Intervista di Pietro De Bonis ad Ilaria Goffredo ed al suo “Il cavaliere d’Africa”
Avevamo lingue, tradizioni e vite diverse. Vivevamo in due emisferi opposti. Il colore della nostra pelle era l’opposto di quella dell’altro. Eppure, in tutte quelle differenze, l’amore che ci legava era lo stesso: profondo, ineguagliabile, inesauribile.
Ilaria Goffredo è nata nel 1987 e vive in Puglia, in provincia di Taranto. Durante gli anni della scuola superiore ha viaggiato in tutta Europa lavorando in agenzie di viaggi e grandi villaggi turistici, nonché come hostess durante convegni e guida turistica nel suo splendido paese barocco per turisti tedeschi e inglesi. Nel 2005 ha avuto la possibilità di lavorare come volontaria in una scuola professionale di Malindi, in Kenya. Lì si è innamorata di quella terra meravigliosa e della sua gente straordinaria, e non passa giorno in cui non pensi all’Africa. Ad ottobre 2010 si è laureata all’Università degli Studi di Bari nel corso di Educatore professionale nel campo del disagio minorile, della devianza e della marginalità. È sposata e ha due figli. Ha vinto diversi premi letterari per racconti e diari di viaggio. Ha pubblicato: “Amore e guerra” (Zerounoundici Edizioni, 2012),
“Il cavaliere d’Africa” (Zerounoundici Edizioni, 2012 presto disponibile anche in lingua inglese, spagnola e portoghese) di cui parleremo oggi, “Un regalo per Kaninu” (Zerounoundici Edizioni, 2012), “Tregua nell’ambra – Il segreto dell’anello” (ilmiolibro.it, 2012, finalista concorso nazionale ilmioesordio Feltrinelli).
P.D.B.: Ciao Ilaria! “Il cavaliere d’Africa” il tuo romanzo, ma prima di affrontarlo ho letto hai lavorato come volontaria in una scuola in Kenia, ci vuoi parlare prima di questo? Forse gli animi più sagaci avranno già intuito qualcosa dal titolo del tuo romanzo.

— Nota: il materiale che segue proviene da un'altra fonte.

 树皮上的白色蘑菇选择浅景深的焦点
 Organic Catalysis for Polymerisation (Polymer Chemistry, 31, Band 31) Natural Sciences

Ilaria Goffredo: Ciao a tutti. Sì, ho lavorato come volontaria in una scuola professionale di Malindi. L’istituto accoglie giovani kenyoti offrendo loro istruzione, vitto e alloggio. Attraverso vari insegnamenti – sia teorici che pratici – i ragazzi imparano a diventare receptionist, cuochi o addettialle pulizie. Non meravigliatevi dell’ultima professione annoverata perché, provenendo da villaggi di capanne dove non ci sono certamente letti da rifare, mobilio da spolverare e sanitari da pulire, si tratta di cose del tutto nuove per loro. Al termine del corso viene poi facilitato l’ingresso dei ragazzi nel mondo lavorativo, soprattutto alberghi turistici nei territori limitrofi. Il mio compito è stato quello di insegnare la lingua italiana dato che Malindi è una zona a prevalente turismo italiano.
P.D.B.: La povertà in quei luoghi quanto ti ha arricchito?

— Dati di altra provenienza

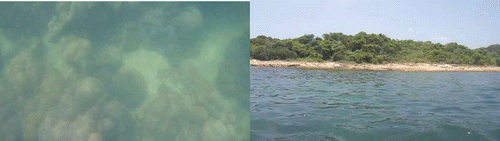 Figure 2. Corals in Tung Ping Chau. The far reach of the dense coral community from the shore (<10 m). Photos taken in July 2010.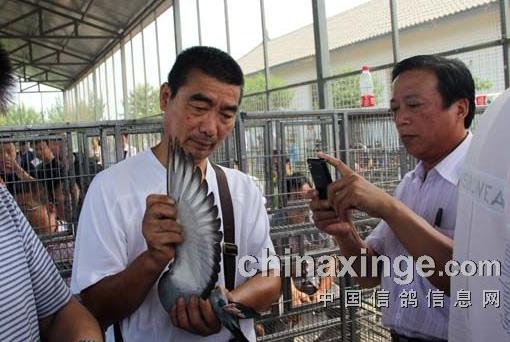 ����������������(ͼ)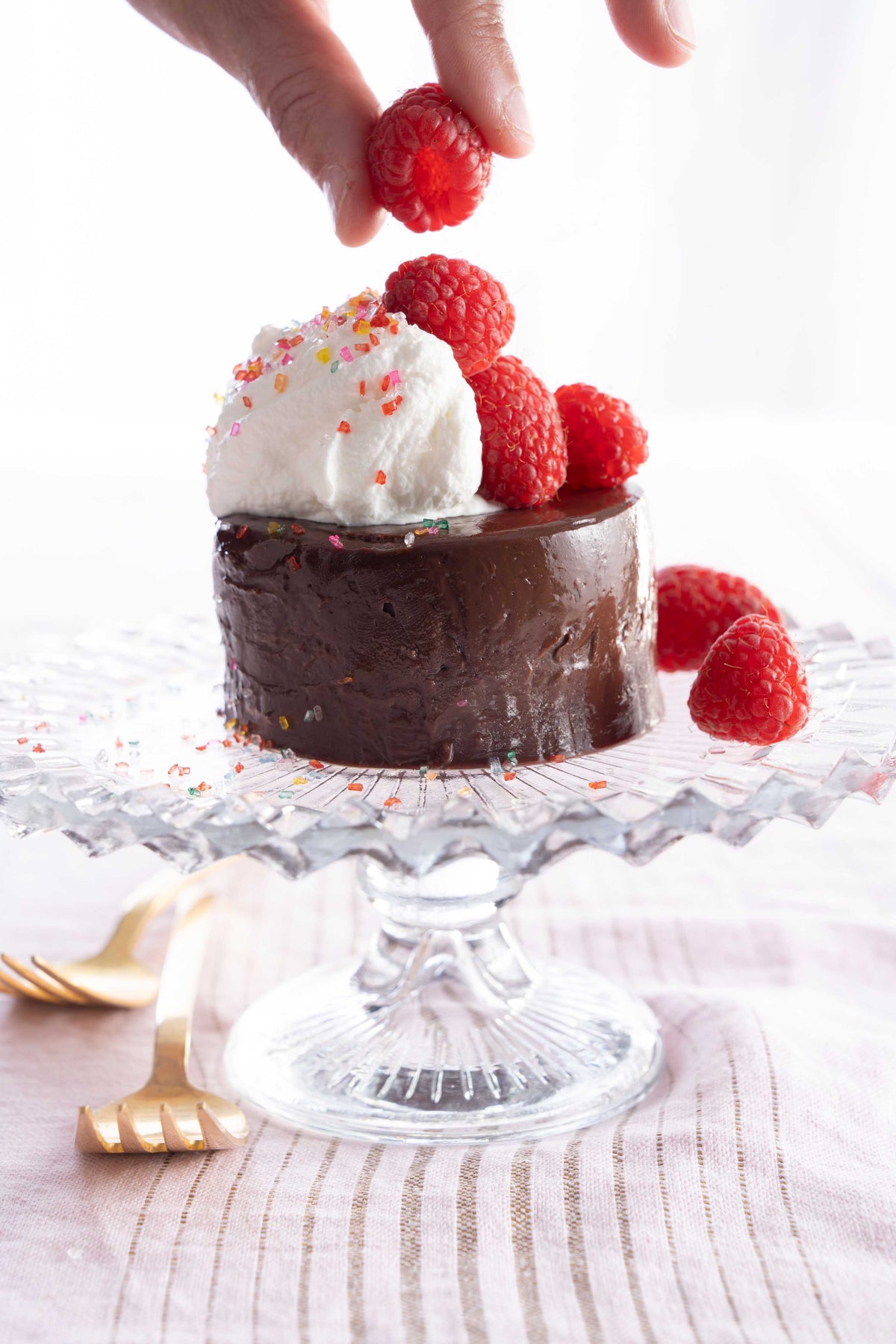 Chocolate and Honey Panna Cotta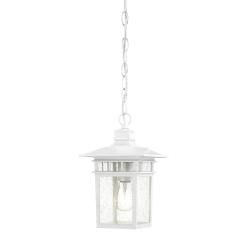Nuvo 'Cove Neck' 1 light White 12 inch Hanging Fixture Nuvo Lighting Other Outdoor Lighting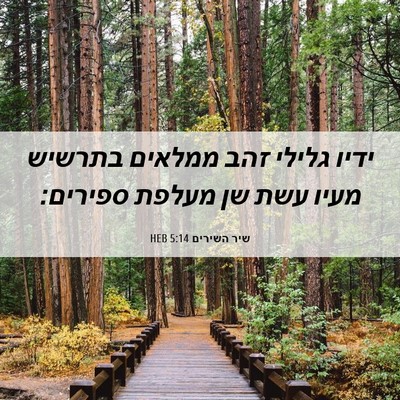 Picture 06 - שיר השירים 5:14 HEB - ידיו גלילי זהב ממלאים - Bible Verse Picture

Ilaria Goffredo: Tantissimo. Mi ha cambiato la vita. È triste pensare come ci si renda conto delle cose che si hanno soltanto guardando da vicino chi non ha nulla. E non mi riferisco ai beni “di lusso” quali telefoni cellulari, televisioni e quant’altro, ma ad una casa, acqua corrente e potabile, elettricità, comodità, un frigorifero pieno. Al mio ritorno in Italia ho valutato ogni cosa in un’ottica diversa, soffermandomi tra l’altro su questioni che prima non mi interessavano molto quali il razzismo e l’immigrazione.
P.D.B.: Un libro molto descrittivo in primis, tieni molto a questo aspetto Ilaria? Ma anche una bella storia d’amore, è così?

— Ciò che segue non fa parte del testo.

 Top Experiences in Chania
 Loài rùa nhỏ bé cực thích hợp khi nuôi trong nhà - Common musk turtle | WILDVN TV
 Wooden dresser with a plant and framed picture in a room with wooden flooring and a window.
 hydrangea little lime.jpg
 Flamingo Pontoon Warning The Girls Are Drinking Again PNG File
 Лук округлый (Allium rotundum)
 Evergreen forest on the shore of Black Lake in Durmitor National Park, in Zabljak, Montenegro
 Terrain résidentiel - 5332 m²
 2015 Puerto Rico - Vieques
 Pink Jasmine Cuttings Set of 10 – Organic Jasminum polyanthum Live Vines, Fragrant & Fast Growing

Ilaria Goffredo: “Il cavaliere d’Africa” è un romanzo ispirato direttamente alla mia esperienza di volontariato e non poteva non essere descrittivo. Ho cercato di mettere per iscritto nel modo più intenso possibile i luoghi e le atmosfere, i colori, i profumi, la natura, la gente che ho visto e conosciuto in Kenya. E sì, c’è anche una storia d’amore tra la protagonista italiana e “ricca” Selene ed Edward, un giovane insegnante kenyota con alle spalle un passato di sofferenze e povertà, proprio lui è “il cavaliere”. Le incomprensioni tra loro saranno inevitabili ma sarà sempre presente un dialogo aperto e, spesso, una passione impetuosa capace di spiegare le ragioni del cuore molto meglio delle parole. Il tutto per trasmettere un messaggio di speranza, dimostrando che si possono incontrare popolazioni differenti dalla nostra e, travalicando i pregiudizi, amarle profondamente. Le caratteristiche proprie di ognuno non dovrebbero essere intese come differenze con l’altro ma come occasioni d’arricchimento reciproco e scambio culturale.
P.D.B.: Si può essere scrittori di vite e luoghi che non si sono mai provati?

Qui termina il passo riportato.